Rahmi Apak'ın, Osmanlı Dönemi'ni yansıtan diğer bir anısı:
"Biz öğrenim gördüğümüz yıllarda, Padişah İkinci Sultan Hamit memlekette tam bir diktatör durumunda idi. Daha önce Sultan Abdülaziz'in tahttan indiği saltanat darbesinde, Harp Okulu da rol aldığından, Abdülhamit Harp Okulunu sıkı kontrol altında bulundururdu. Mesela; öğrencilerin ellerine verilen silahlar, mekanizmaları (atış yapacak parçalar) sökülmüş ve süngüsüz Martin Hanri tüfekleridir.
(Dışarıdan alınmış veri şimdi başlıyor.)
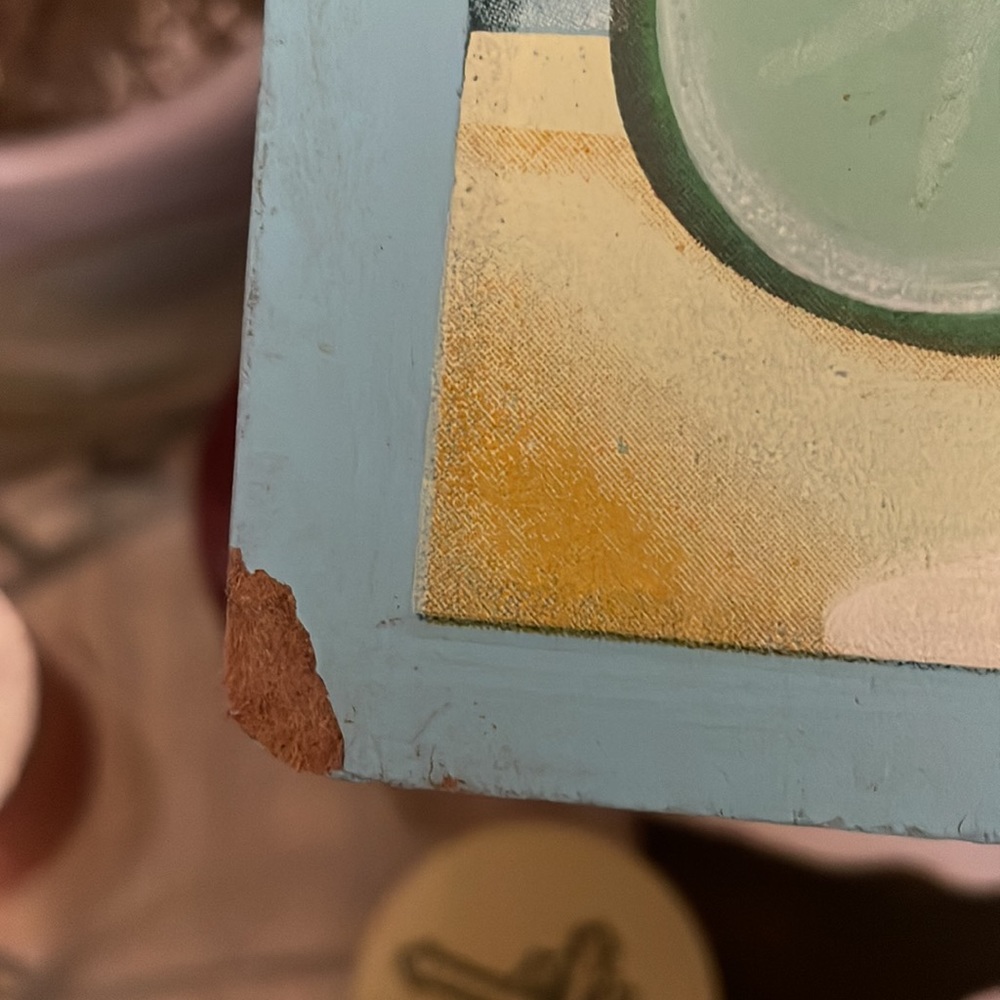 Wooden Sign ☀️ - Picture 8 of 9
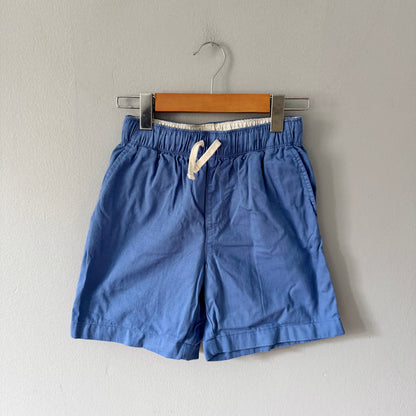 Crewcuts / Blue short pants / 10Y
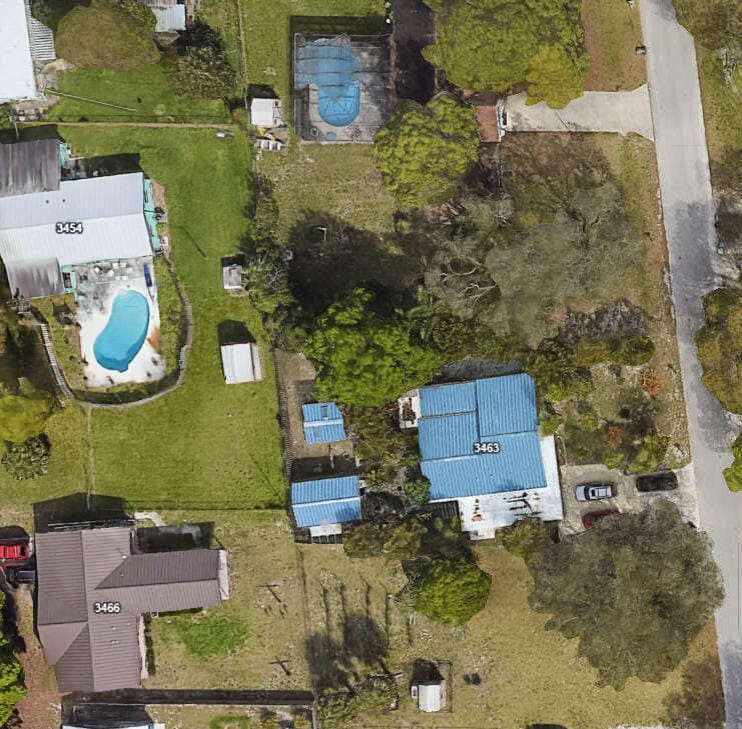0 Southern Pines Drive — photo 2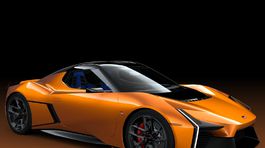 Toyota FT-Se Concept - 2023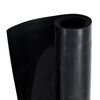 vidaXL Floor Mat Anti-Slip Rubber 1.2x5 m 1 mm Smooth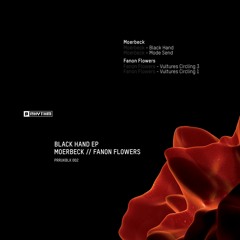 Black Hand (Original Mix)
Hâlbuki o zaman, Türk Ordusu Almanya'dan satın alınmış mavzer silahları ile donatılmıştı. Öğrenciler, tüfeklerin, cephanenin yüzünü bile görmezler. Tek bir mermi atmazlar, atış eğitimleri yapılmaz ve böylece bir tüfeğin nasıl patladığını hiç işitmeden, kıtalara askerleri yetiştirmek ve gerektiğinde düşmanla savaşmak için gönderilirler…"
"Ders programında manevi destek verecek bir şey yoktu. Hatta Harp Tarihi bile okutulmazdı. Vatan, millet sözlerini söylemek yasaktı. Herkes Müslüman idi, Türklük bile dile getirilmezdi. Okul idaresinin dağıttığı Fransızca-Türkçe sözlükte, 'patrie' sözcüğünün karşılığı olan 'vatan' sözünün yazılmış olduğu saraya jurnal edilmiş ve bu sözlük toplatılarak kaldırılmıştı…"
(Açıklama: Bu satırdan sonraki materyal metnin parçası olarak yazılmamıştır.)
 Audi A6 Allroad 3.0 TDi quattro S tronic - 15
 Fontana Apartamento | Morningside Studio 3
"Türk polisi, bir yabancı vapura kara sularımızda bile giremezdi. İstanbul'dan kaçmak isteyenler, bir cani bile olsa, bir yabancı vapura kapağı attığında hükümet bunu vapurdan alamazdı… Beyoğlu'nda dükkân ve mağazaların tabelaları Fransızca idi… Demiryollarında resmi dil Fransızca idi. İşte, kendi öz yurdumuzda gördüğümüz bu aşağılık manzara yüreğimizi yakıyordu…"(2)
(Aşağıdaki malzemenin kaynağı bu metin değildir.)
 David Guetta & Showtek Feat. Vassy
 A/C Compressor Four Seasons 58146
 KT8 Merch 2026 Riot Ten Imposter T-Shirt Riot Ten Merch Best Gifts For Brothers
Rahmi Apak, aynı kitapta anılarının başka bir bölümünde:
"Bizim tümen, ilkbahara kadar (1915) ordu ihtiyatı olarak Pasinler Ovası'nda kaldı… Bir gün, bulunduğum köyün sokağında oturan 15 yaşlarında bir köylü çocuğu gördüm. Biraz sohbet edeyim dedim:
- Bana bak oğlum senin adın ne?
- Ahmet.
- Sen hangi millettensin? (Ermeni olmasından şüphe ediyordum).
- Osmanliyem.
- Osmanlı ne demek, sen Türk değil misin?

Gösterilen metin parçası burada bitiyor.